大谷翔平とMVP争い…51発のジャッジは何が変わった? ベテラン記者解説「63本打つ」

ヤンキースのアーロン・ジャッジ【写真:Getty Images】
ヤンキースのアーロン・ジャッジ【写真:Getty Images】

今季のジャッジは「ボールゾーンの球に手を出さない」

 ヤンキースのアーロン・ジャッジ外野手は2日(日本時間3日)終了時点で両リーグ通じて断トツの51本塁打をマーク。エンゼルスの大谷翔平投手とともに今季のア・リーグMVP有力候補に挙げられている。シーズン63発ペースで一発を量産する30歳は今季、何が変わったのか。2009年からヤンキース番記者を務めるニューヨーク紙「ニュースデイ」のエリック・ボーランド氏は打席でのアプローチが大きく変化し、選球眼が向上していることを挙げ、最終的に61本の球団記録を更新して63~64本に到達すると予想している。

 8月を終了した時点で51本塁打。5年ぶり2度目のホームラン王にばく進しているジャッジをボーランド氏は「歴史的なこと」と称賛する。2017年に52本塁打でタイトルを獲得してから昨年までのホームラン数は27→27→9→39。今季は何が変わったのだろうか。ボーランド氏は選球眼をあげる。「ボールゾーンの球に手を出さないから、投手は向かっていくしかない。今年は総合的にバランスが取れている。総合的にこれまでより優れた打者になった」と語る。

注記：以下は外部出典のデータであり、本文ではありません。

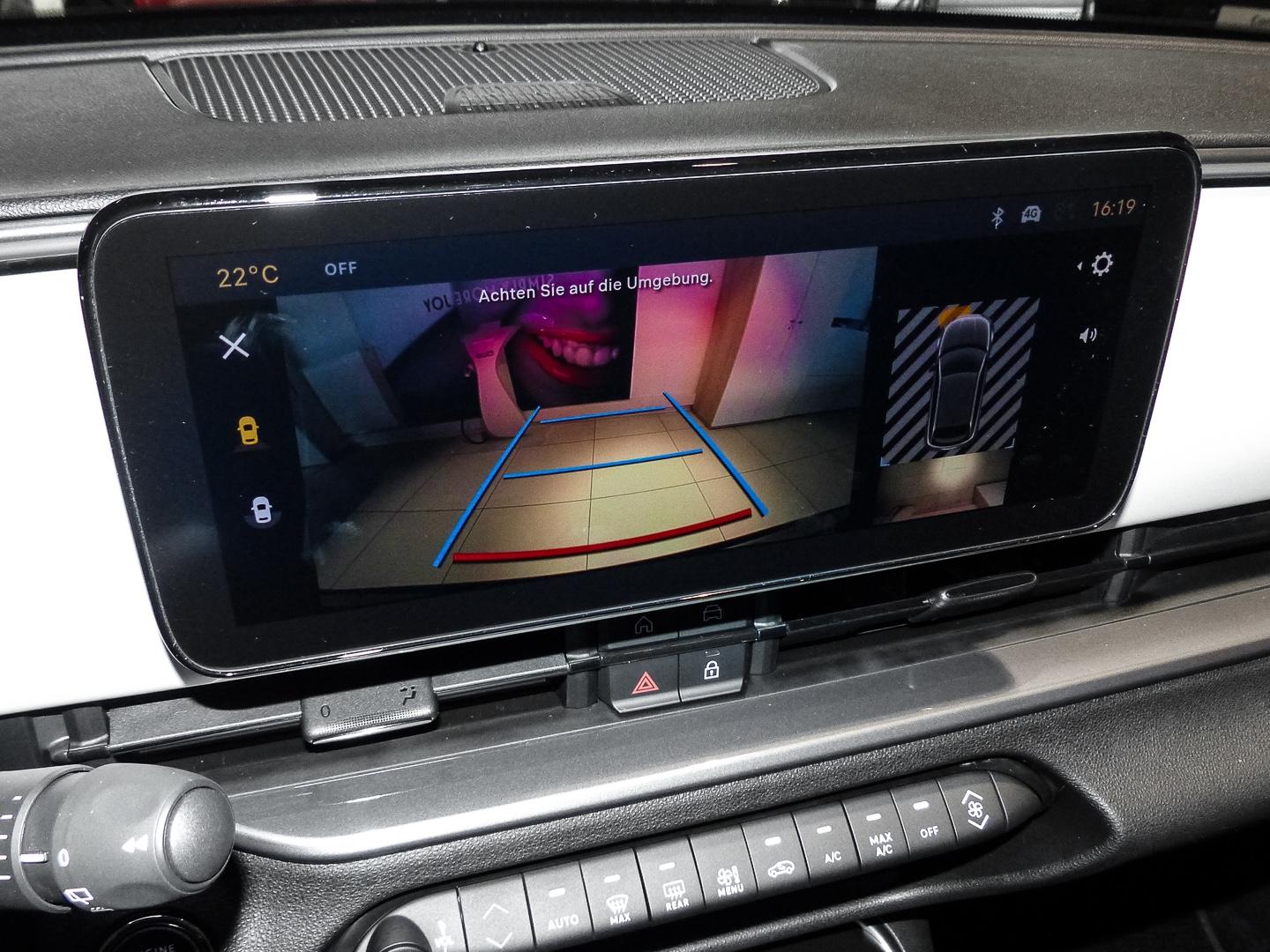 Fiat 600 La Prima Hybrid DCT Navi Massage Sitz LED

 持ち前の超人的パワーだけではなく、打者として“成熟期”に入ったと、ボーランド氏は評価する。「昔と違うのは打者としてのアプローチ。相手が四球を与えようとしても、彼は喜んで受け入れる。イライラすることはない。出塁すれば後続の打者が仕事をしてくれると信じている。打者としての総合力が向上しているんだ。かつてないほどにストライクゾーンを理解している。スイングするのはほとんどダメージを与えられると思ったボールだけだ」と力を込めた。

ニューヨーク紙「ニュースデイ」のエリック・ボーランド氏【写真:盆子原浩二】
ニューヨーク紙「ニュースデイ」のエリック・ボーランド氏【写真:盆子原浩二】

 チーム内でリーダシップも発揮しているようだ。ボーランド氏によれば、ジャッジとアンソニー・リゾ内野手がチームのリーダー的存在。2017年当時からリーダーとしての素地を見せ、CC・サバシアやブレット・ガードナーらベテランから学んでいたという。ジャッジはチームで最も練習熱心な選手の1人で「他の選手に『ほら、もう少しペースを上げていかないといけないぞ』と言うことを恐れない。誰もそれに腹を立てず、敬意を抱いている。彼を最も練習熱心な選手だと見ているからね」とも述べている。

 ヤンキースの年間最多本塁打は、1961年にロジャー・マリスが記録した61本。ジャッジは記録を更新できるのだろうか。ボーランド氏は「私の予想は63本だ。明日同じ質問を受けたら64本と答えるかもしれない。いずれにしても60本は打つと思っている」と予測。さらに「残り試合(31試合)から計算すれば十分いけると思う。これからは打てる球を投げられることがどんどん減って、1試合で打てる球は3~4球しかないかもしれない。でも、少なくともあと9本打って60本、それ以上打てると思う」と期待を寄せた。